**WORK TO BE COMPLETED:** Please print each of the entries below exactly.

**INPUT DATA:**
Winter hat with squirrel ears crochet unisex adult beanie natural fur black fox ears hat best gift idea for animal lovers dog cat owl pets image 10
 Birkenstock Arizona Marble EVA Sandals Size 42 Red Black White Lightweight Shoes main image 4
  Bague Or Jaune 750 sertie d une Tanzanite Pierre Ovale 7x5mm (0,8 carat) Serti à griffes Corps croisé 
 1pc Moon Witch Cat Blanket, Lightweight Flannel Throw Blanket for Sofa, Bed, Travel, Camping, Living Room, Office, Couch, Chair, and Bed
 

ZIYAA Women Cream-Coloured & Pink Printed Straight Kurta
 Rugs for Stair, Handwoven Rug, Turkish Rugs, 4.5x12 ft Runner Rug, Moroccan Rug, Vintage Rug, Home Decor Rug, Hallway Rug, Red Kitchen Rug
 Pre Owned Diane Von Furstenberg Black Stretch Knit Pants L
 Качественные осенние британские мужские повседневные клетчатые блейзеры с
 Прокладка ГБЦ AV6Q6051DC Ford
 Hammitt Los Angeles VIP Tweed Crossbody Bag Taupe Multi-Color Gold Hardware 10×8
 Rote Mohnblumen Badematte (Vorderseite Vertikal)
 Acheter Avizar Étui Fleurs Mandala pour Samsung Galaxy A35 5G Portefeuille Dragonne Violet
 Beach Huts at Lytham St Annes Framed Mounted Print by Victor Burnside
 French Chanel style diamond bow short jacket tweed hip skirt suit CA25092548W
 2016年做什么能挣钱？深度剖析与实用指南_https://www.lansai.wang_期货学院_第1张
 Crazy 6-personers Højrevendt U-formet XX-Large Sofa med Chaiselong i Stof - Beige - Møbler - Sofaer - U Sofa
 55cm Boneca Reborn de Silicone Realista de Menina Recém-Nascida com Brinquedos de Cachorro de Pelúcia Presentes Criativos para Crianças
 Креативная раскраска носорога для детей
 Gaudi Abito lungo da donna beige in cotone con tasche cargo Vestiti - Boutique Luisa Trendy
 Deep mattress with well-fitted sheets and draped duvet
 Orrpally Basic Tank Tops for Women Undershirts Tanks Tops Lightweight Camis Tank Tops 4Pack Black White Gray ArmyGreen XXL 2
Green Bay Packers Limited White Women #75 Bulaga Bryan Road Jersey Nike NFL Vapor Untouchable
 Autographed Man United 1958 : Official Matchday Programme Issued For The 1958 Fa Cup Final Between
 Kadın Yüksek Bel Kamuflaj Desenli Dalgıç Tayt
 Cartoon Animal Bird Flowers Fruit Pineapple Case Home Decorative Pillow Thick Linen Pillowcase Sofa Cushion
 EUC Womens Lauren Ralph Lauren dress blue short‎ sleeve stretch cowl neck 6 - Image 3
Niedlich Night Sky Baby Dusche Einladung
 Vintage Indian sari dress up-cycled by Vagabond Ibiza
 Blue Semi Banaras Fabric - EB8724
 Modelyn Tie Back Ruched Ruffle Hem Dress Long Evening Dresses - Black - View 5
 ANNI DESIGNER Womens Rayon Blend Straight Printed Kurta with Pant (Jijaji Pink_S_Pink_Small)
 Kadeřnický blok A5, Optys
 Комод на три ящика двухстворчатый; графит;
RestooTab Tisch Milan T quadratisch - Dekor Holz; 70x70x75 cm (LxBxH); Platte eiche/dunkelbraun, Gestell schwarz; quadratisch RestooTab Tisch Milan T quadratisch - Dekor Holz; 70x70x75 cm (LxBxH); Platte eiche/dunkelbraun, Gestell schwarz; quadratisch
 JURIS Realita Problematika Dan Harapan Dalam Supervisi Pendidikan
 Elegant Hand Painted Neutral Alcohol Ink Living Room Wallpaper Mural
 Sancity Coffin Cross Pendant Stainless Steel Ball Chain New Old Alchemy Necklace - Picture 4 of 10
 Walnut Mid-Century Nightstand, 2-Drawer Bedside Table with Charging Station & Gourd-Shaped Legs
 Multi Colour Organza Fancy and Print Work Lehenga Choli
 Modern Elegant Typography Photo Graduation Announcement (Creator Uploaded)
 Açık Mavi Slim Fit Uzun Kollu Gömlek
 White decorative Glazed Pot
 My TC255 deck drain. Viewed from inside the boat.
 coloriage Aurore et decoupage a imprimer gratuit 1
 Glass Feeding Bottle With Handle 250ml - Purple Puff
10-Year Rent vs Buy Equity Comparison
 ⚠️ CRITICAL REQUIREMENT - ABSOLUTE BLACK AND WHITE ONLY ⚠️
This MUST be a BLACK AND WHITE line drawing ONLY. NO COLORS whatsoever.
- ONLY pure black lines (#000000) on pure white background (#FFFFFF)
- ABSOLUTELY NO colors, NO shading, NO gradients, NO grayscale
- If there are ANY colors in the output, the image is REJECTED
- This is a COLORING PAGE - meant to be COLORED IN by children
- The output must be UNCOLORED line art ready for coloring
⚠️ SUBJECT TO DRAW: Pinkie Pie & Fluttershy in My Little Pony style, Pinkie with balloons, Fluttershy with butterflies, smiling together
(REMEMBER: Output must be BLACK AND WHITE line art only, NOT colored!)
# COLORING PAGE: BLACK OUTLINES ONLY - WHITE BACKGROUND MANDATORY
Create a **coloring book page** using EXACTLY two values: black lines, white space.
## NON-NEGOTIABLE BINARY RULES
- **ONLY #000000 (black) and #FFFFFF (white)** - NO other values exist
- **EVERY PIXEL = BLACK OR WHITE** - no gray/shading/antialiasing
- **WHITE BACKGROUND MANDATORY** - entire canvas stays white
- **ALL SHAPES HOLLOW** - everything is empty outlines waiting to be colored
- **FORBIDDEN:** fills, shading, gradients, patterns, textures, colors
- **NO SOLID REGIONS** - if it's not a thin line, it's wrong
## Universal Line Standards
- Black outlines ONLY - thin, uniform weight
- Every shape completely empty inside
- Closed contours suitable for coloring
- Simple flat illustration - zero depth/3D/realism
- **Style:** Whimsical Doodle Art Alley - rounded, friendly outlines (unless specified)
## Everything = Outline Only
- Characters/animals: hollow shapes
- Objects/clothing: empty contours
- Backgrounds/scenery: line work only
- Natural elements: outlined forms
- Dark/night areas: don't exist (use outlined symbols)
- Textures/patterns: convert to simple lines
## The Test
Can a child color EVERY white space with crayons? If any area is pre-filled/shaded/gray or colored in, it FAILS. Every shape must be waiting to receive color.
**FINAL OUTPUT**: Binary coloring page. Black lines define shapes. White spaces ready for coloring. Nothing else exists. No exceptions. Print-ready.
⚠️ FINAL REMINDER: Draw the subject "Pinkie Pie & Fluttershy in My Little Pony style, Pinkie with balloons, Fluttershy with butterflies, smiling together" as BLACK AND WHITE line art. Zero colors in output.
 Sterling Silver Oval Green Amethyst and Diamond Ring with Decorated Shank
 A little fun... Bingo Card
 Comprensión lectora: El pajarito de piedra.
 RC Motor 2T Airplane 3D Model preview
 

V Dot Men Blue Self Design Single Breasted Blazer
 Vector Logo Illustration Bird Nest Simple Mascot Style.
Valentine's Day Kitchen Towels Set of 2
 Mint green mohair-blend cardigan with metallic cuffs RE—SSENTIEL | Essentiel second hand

**WRITTEN SOLUTION:**
Winter hat with squirrel ears crochet unisex adult beanie natural fur black fox ears hat best gift idea for animal lovers dog cat owl pets image 10
 Birkenstock Arizona Marble EVA Sandals Size 42 Red Black White Lightweight Shoes main image 4
  Bague Or Jaune 750 sertie d une Tanzanite Pierre Ovale 7x5mm (0,8 carat) Serti à griffes Corps croisé 
 1pc Moon Witch Cat Blanket, Lightweight Flannel Throw Blanket for Sofa, Bed, Travel, Camping, Living Room, Office, Couch, Chair, and Bed
 

ZIYAA Women Cream-Coloured & Pink Printed Straight Kurta
 Rugs for Stair, Handwoven Rug, Turkish Rugs, 4.5x12 ft Runner Rug, Moroccan Rug, Vintage Rug, Home Decor Rug, Hallway Rug, Red Kitchen Rug
 Pre Owned Diane Von Furstenberg Black Stretch Knit Pants L
 Качественные осенние британские мужские повседневные клетчатые блейзеры с
 Прокладка ГБЦ AV6Q6051DC Ford
 Hammitt Los Angeles VIP Tweed Crossbody Bag Taupe Multi-Color Gold Hardware 10×8
 Rote Mohnblumen Badematte (Vorderseite Vertikal)
 Acheter Avizar Étui Fleurs Mandala pour Samsung Galaxy A35 5G Portefeuille Dragonne Violet
 Beach Huts at Lytham St Annes Framed Mounted Print by Victor Burnside
 French Chanel style diamond bow short jacket tweed hip skirt suit CA25092548W
 2016年做什么能挣钱？深度剖析与实用指南_https://www.lansai.wang_期货学院_第1张
 Crazy 6-personers Højrevendt U-formet XX-Large Sofa med Chaiselong i Stof - Beige - Møbler - Sofaer - U Sofa
 55cm Boneca Reborn de Silicone Realista de Menina Recém-Nascida com Brinquedos de Cachorro de Pelúcia Presentes Criativos para Crianças
 Креативная раскраска носорога для детей
 Gaudi Abito lungo da donna beige in cotone con tasche cargo Vestiti - Boutique Luisa Trendy
 Deep mattress with well-fitted sheets and draped duvet
 Orrpally Basic Tank Tops for Women Undershirts Tanks Tops Lightweight Camis Tank Tops 4Pack Black White Gray ArmyGreen XXL 2
Green Bay Packers Limited White Women #75 Bulaga Bryan Road Jersey Nike NFL Vapor Untouchable
 Autographed Man United 1958 : Official Matchday Programme Issued For The 1958 Fa Cup Final Between
 Kadın Yüksek Bel Kamuflaj Desenli Dalgıç Tayt
 Cartoon Animal Bird Flowers Fruit Pineapple Case Home Decorative Pillow Thick Linen Pillowcase Sofa Cushion
 EUC Womens Lauren Ralph Lauren dress blue short‎ sleeve stretch cowl neck 6 - Image 3
Niedlich Night Sky Baby Dusche Einladung
 Vintage Indian sari dress up-cycled by Vagabond Ibiza
 Blue Semi Banaras Fabric - EB8724
 Modelyn Tie Back Ruched Ruffle Hem Dress Long Evening Dresses - Black - View 5
 ANNI DESIGNER Womens Rayon Blend Straight Printed Kurta with Pant (Jijaji Pink_S_Pink_Small)
 Kadeřnický blok A5, Optys
 Комод на три ящика двухстворчатый; графит;
RestooTab Tisch Milan T quadratisch - Dekor Holz; 70x70x75 cm (LxBxH); Platte eiche/dunkelbraun, Gestell schwarz; quadratisch RestooTab Tisch Milan T quadratisch - Dekor Holz; 70x70x75 cm (LxBxH); Platte eiche/dunkelbraun, Gestell schwarz; quadratisch
 JURIS Realita Problematika Dan Harapan Dalam Supervisi Pendidikan
 Elegant Hand Painted Neutral Alcohol Ink Living Room Wallpaper Mural
 Sancity Coffin Cross Pendant Stainless Steel Ball Chain New Old Alchemy Necklace - Picture 4 of 10
 Walnut Mid-Century Nightstand, 2-Drawer Bedside Table with Charging Station & Gourd-Shaped Legs
 Multi Colour Organza Fancy and Print Work Lehenga Choli
 Modern Elegant Typography Photo Graduation Announcement (Creator Uploaded)
 Açık Mavi Slim Fit Uzun Kollu Gömlek
 White decorative Glazed Pot
 My TC255 deck drain. Viewed from inside the boat.
 coloriage Aurore et decoupage a imprimer gratuit 1
 Glass Feeding Bottle With Handle 250ml - Purple Puff
10-Year Rent vs Buy Equity Comparison
 ⚠️ CRITICAL REQUIREMENT - ABSOLUTE BLACK AND WHITE ONLY ⚠️
This MUST be a BLACK AND WHITE line drawing ONLY. NO COLORS whatsoever.
- ONLY pure black lines (#000000) on pure white background (#FFFFFF)
- ABSOLUTELY NO colors, NO shading, NO gradients, NO grayscale
- If there are ANY colors in the output, the image is REJECTED
- This is a COLORING PAGE - meant to be COLORED IN by children
- The output must be UNCOLORED line art ready for coloring
⚠️ SUBJECT TO DRAW: Pinkie Pie & Fluttershy in My Little Pony style, Pinkie with balloons, Fluttershy with butterflies, smiling together
(REMEMBER: Output must be BLACK AND WHITE line art only, NOT colored!)
# COLORING PAGE: BLACK OUTLINES ONLY - WHITE BACKGROUND MANDATORY
Create a **coloring book page** using EXACTLY two values: black lines, white space.
## NON-NEGOTIABLE BINARY RULES
- **ONLY #000000 (black) and #FFFFFF (white)** - NO other values exist
- **EVERY PIXEL = BLACK OR WHITE** - no gray/shading/antialiasing
- **WHITE BACKGROUND MANDATORY** - entire canvas stays white
- **ALL SHAPES HOLLOW** - everything is empty outlines waiting to be colored
- **FORBIDDEN:** fills, shading, gradients, patterns, textures, colors
- **NO SOLID REGIONS** - if it's not a thin line, it's wrong
## Universal Line Standards
- Black outlines ONLY - thin, uniform weight
- Every shape completely empty inside
- Closed contours suitable for coloring
- Simple flat illustration - zero depth/3D/realism
- **Style:** Whimsical Doodle Art Alley - rounded, friendly outlines (unless specified)
## Everything = Outline Only
- Characters/animals: hollow shapes
- Objects/clothing: empty contours
- Backgrounds/scenery: line work only
- Natural elements: outlined forms
- Dark/night areas: don't exist (use outlined symbols)
- Textures/patterns: convert to simple lines
## The Test
Can a child color EVERY white space with crayons? If any area is pre-filled/shaded/gray or colored in, it FAILS. Every shape must be waiting to receive color.
**FINAL OUTPUT**: Binary coloring page. Black lines define shapes. White spaces ready for coloring. Nothing else exists. No exceptions. Print-ready.
⚠️ FINAL REMINDER: Draw the subject "Pinkie Pie & Fluttershy in My Little Pony style, Pinkie with balloons, Fluttershy with butterflies, smiling together" as BLACK AND WHITE line art. Zero colors in output.
 Sterling Silver Oval Green Amethyst and Diamond Ring with Decorated Shank
 A little fun... Bingo Card
 Comprensión lectora: El pajarito de piedra.
 RC Motor 2T Airplane 3D Model preview
 

V Dot Men Blue Self Design Single Breasted Blazer
 Vector Logo Illustration Bird Nest Simple Mascot Style.
Valentine's Day Kitchen Towels Set of 2
 Mint green mohair-blend cardigan with metallic cuffs RE—SSENTIEL | Essentiel second hand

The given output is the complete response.